• What needs to be done:
The lines from the one holding "2245 W Rainbow Rd, Mc Bain, MI 49657" through the end of the records below are to be written out exactly, and nothing else; pictures are to be left out.

• Raw data:
--------------------------------------------------

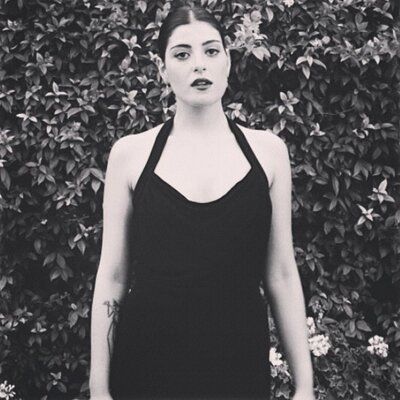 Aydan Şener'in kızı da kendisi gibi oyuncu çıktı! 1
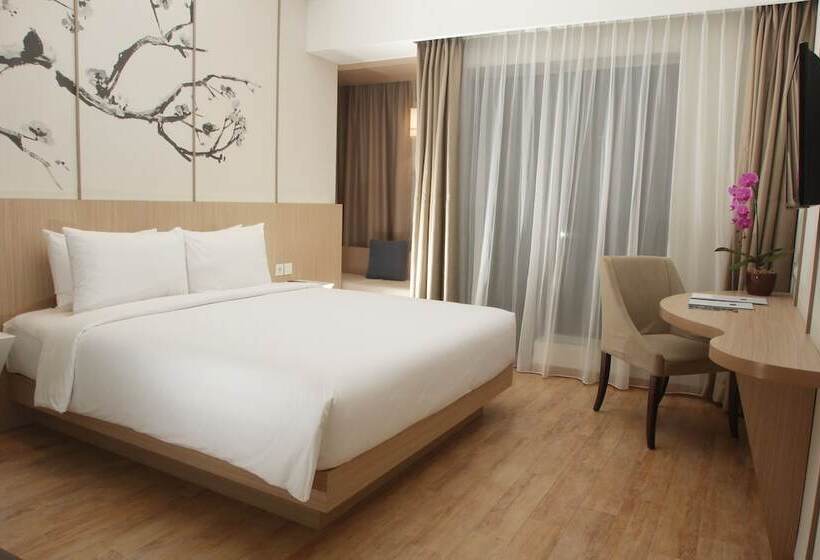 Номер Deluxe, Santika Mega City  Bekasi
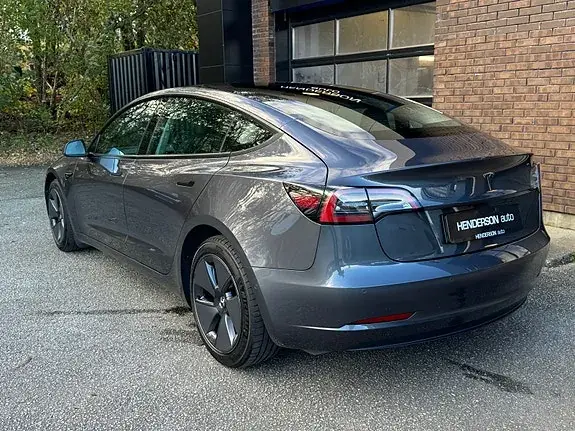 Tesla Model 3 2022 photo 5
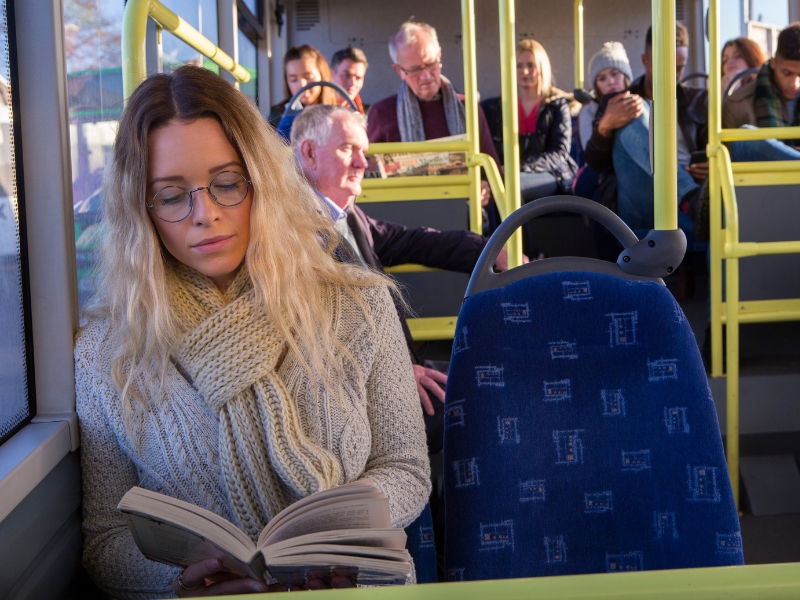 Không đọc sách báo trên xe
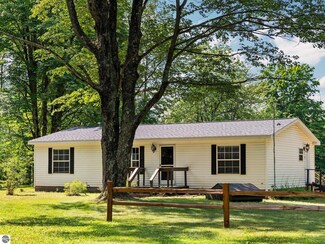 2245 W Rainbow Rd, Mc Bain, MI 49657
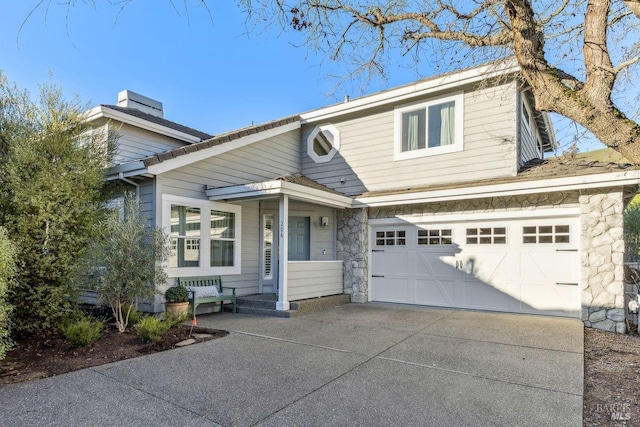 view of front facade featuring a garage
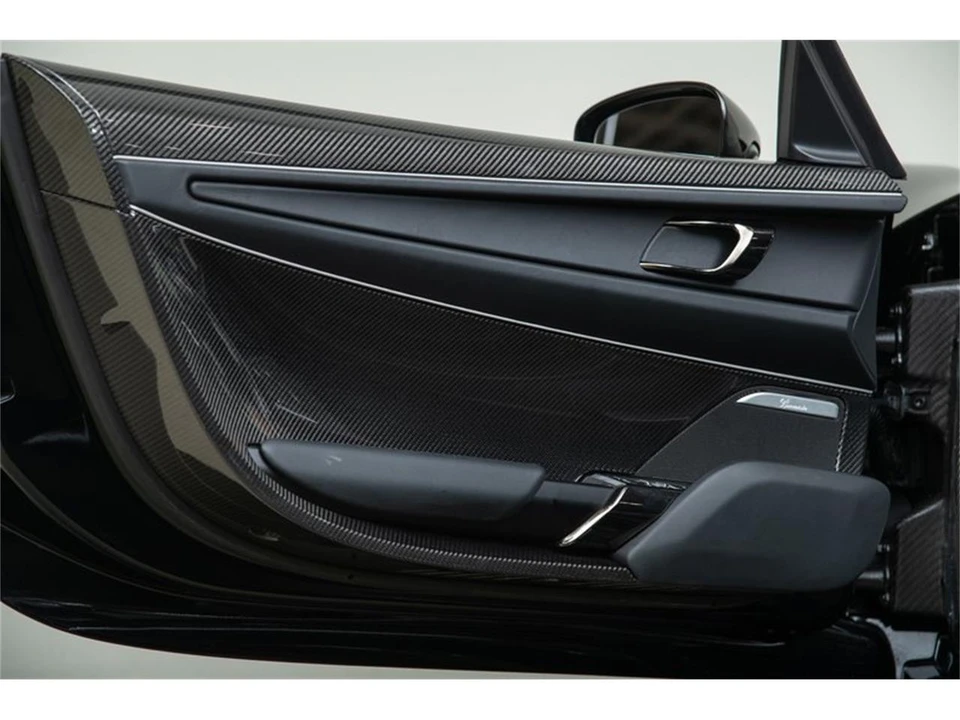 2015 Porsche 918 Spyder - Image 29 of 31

--------------------------------------------------

• Response box:
 2245 W Rainbow Rd, Mc Bain, MI 49657
 view of front facade featuring a garage
 2015 Porsche 918 Spyder - Image 29 of 31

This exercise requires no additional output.